• PROBLEM TO WORK ON
Reproduce word for word every line from the one containing "Großzügiger, heller Wohn-/Eßbereich" to the final line of the data below; omit the pictures.

[[ MATERIAL FOR THIS EXERCISE, beginning ]]

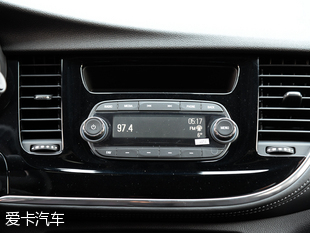 上汽通用別克2017款昂科拉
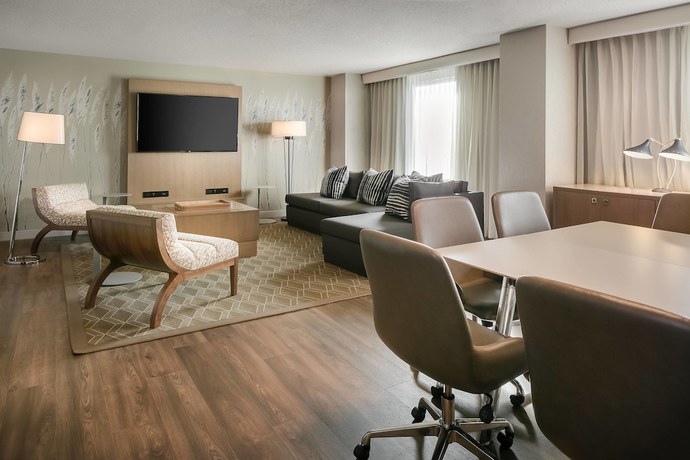 Imagen de los interiores del Hotel Sheraton Overland Park Hotel at the Convention Center. Foto 16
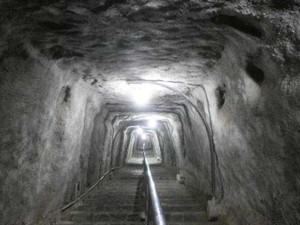 Menjelajahi Lobang Jepang di Bukittinggi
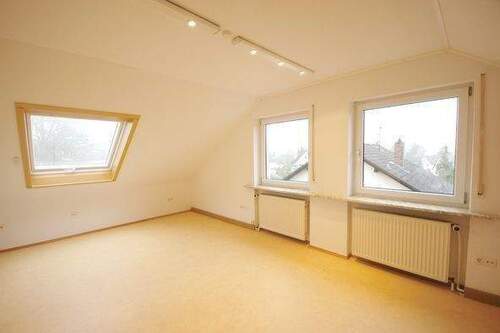 Großzügiger, heller Wohn-/Eßbereich - 2 Zimmer Etagenwohnung in Burgthann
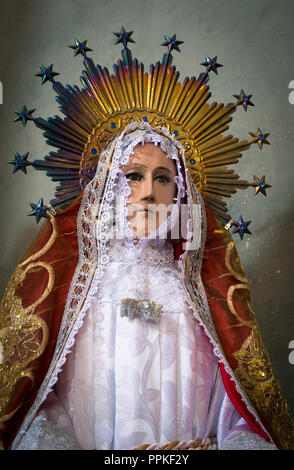 Unsere Frau von Guadalupe in einer schönen Kleidung in der Cholul-Kirche in der Nähe von Merida, Yucatan, Mexiko Stockfoto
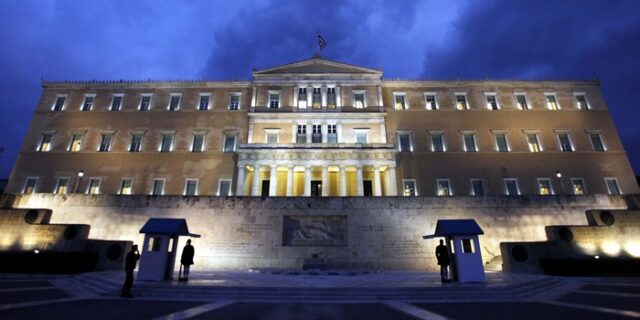 Φοροσαφάρι για 500 πολιτικά πρόσωπα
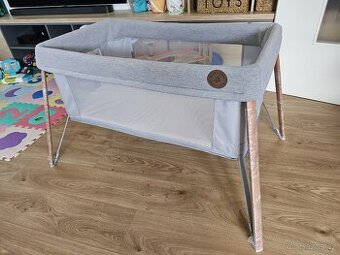 Cestovní postýlka Maxi Cosi Iris Essential Gray
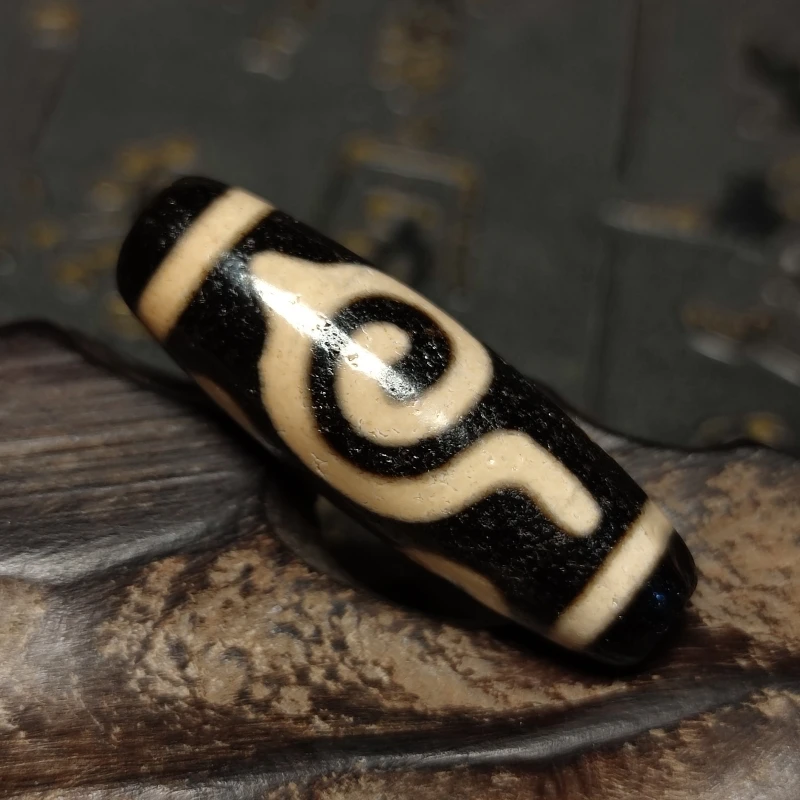 Tibetan White/Black Magic Snail 4 Eyes Totem Ancient Weathered Oily Old Agate DZI Beads For Men&Women Jewelry DIY Free Shipping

[[ MATERIAL FOR THIS EXERCISE, end ]]

• EXERCISE ANSWER
 Großzügiger, heller Wohn-/Eßbereich - 2 Zimmer Etagenwohnung in Burgthann
 Unsere Frau von Guadalupe in einer schönen Kleidung in der Cholul-Kirche in der Nähe von Merida, Yucatan, Mexiko Stockfoto
 Φοροσαφάρι για 500 πολιτικά πρόσωπα
 Cestovní postýlka Maxi Cosi Iris Essential Gray
 Tibetan White/Black Magic Snail 4 Eyes Totem Ancient Weathered Oily Old Agate DZI Beads For Men&Women Jewelry DIY Free Shipping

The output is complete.